There have been some good other suggestions for fishy companions, but I don't think rummynose tetra would be good. There are actually three species on the market that are commonly sold as "rummynose tetra" (_Hemigrammus bleheri_, _H. rhodostomus_, and _Petitella georgiae_), and only one of them is actually suited for the warm temps betta like (they are also seen in discus setups for this reason). The other problem being that they like large tanks. This is one tetra you should really have in schools of 10 or more and they grow around 2 inches long. However, if you have soft enough water, they would be great in your 200L! 

Cherry barb and harlequin rasbora are good fits, tho. Just make sure to get at least 6 of each as they are schooling fish.


----------



## Sena Hansler (Aug 24, 2011)

Someone has lambchop rasbora.  they are smaller... -name of the person slips mind- x.x look almost the same as harlequin, except a bit slimmer, and smaller


----------



## MaisyDawgThirteen (Dec 7, 2011)

I'm the one with lamb chops! lol My LPS sold them as harlequins - but they are too small to be harlequins.


----------



## Sena Hansler (Aug 24, 2011)

yeah!!! you!!! :lol:


----------



## MaisyDawgThirteen (Dec 7, 2011)

Sena Hansler said:


> yeah!!! you!!! :lol:


:lol: I couldn't believe you didn't even remember WHO I AM! rofl


----------



## Sena Hansler (Aug 24, 2011)

No no I remember YOU I just didn't remember which one of you nutty people owned them


----------



## MaisyDawgThirteen (Dec 7, 2011)

Sena Hansler said:


> No no I remember YOU I just didn't remember which one of you nutty people owned them


 hahaha I think lamb - chops would do good in large schools - I have a school of 5 and they are quite skittish.


----------



## Sena Hansler (Aug 24, 2011)

agreed


----------



## Earthworm (May 7, 2012)

I would just add two more neon tetras. You have a 14 gallon tank.


----------



## thekoimaiden (Oct 19, 2011)

Opps. Wrong place!


----------



## Amberawr (May 11, 2012)

So catfish are a good mate for a male betta?


----------



## thekoimaiden (Oct 19, 2011)

Amberawr said:


> So catfish are a good mate for a male betta?

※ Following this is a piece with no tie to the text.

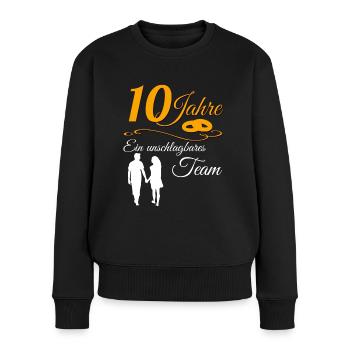10 Jahre Rosenhochzeit 10.Hochzeitstag Jubiläum - Frauen Premium Bio Pullover - Schwarz - Vorne - Julia (174cm)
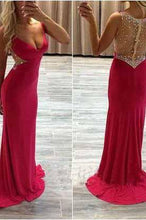 Load image into Gallery viewer, See Through Sexy Red Long Cheap V-Neck Beads Sleeveless Mermaid Prom Dresses RS953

This depends on a lot of things. There are literally thousands of species of catfish, so you are going to have to be much more specific. The second thing is tank size. Unless your betta is in a 10 gal or more tank, it's not a good idea to put other fish in with him. If you explain your situation more, maybe we can help.


----------



## Amberawr (May 11, 2012)

thekoimaiden said:


> This depends on a lot of things. There are literally thousands of species of catfish, so you are going to have to be much more specific. The second thing is tank size. Unless your betta is in a 10 gal or more tank, it's not a good idea to put other fish in with him. If you explain your situation more, maybe we can help.

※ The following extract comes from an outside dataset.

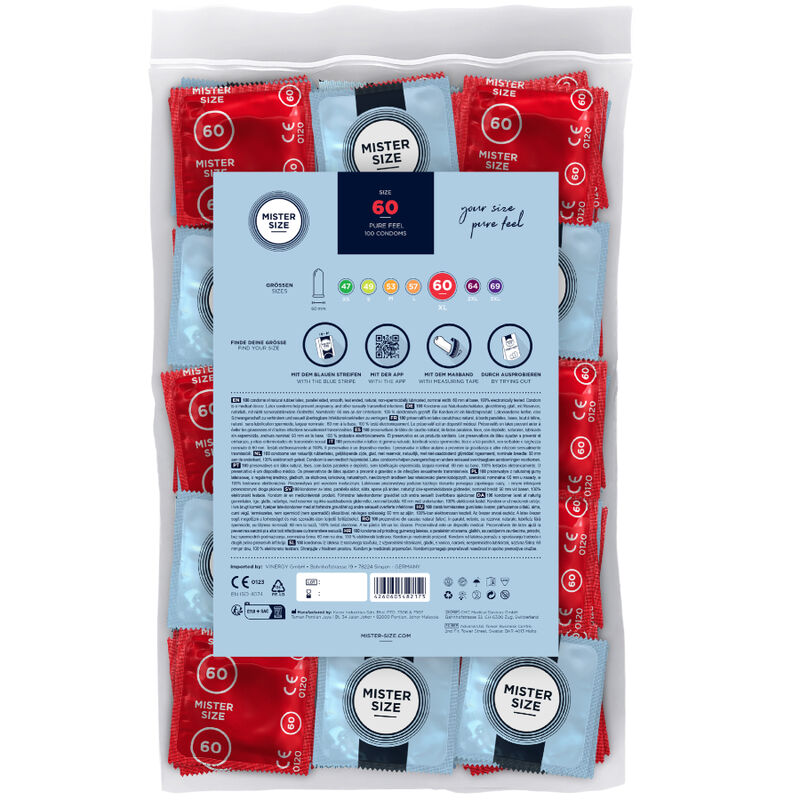 Preservativi Mister Size taglia XL 60 mm – Vestibilità perfetta per un comfort superiore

i have a 3 gallon tank atm i can always get a bigger one but i want him to have a buddy and hes kinda messy with his food so a bottom feeder would be nice to clean up all the food that he lets fall to the bottom of the tank


----------



## MaisyDawgThirteen (Dec 7, 2011)

In your 3 gallon you could have some shrimp or a small snail with him. Some bettas like to make a snack out of shrimp though. D:

For fishy tankmates you need a 10 gallon or above. Cory catfish are very popular bottom feeders on this forum. You need to have 4+ since they are schooling fish.


----------



## thekoimaiden (Oct 19, 2011)

Amberawr said:


> i have a 3 gallon tank atm i can always get a bigger one but i want him to have a buddy and hes kinda messy with his food so a bottom feeder would be nice to clean up all the food that he lets fall to the bottom of the tank


If you just want something to clean up the extra food, I would get some shrimp. Bottom feeders like cory catfish can't live on scraps alone. And shrimp can fit in a 3 gallon tank. Cory cats cannot.


----------



## Sheldon31 (Mar 21, 2012)

Corys are amazing little fish, stay relatively small and mine do a pretty good job at cleaning up excess food. Things to remember with them though: 

They need to be in schools of at least 4+ to be happy so a small tank wouldnt be able to house them. 10g with a good footprint is ideal. 

The cannot live off just scavenging and require a ballanced diet much like your Betta. 

Substrates are limited due to their sensitive barbels (whiskers). Sharp or large gravel will damage them so sand is best and more rewarding.


----------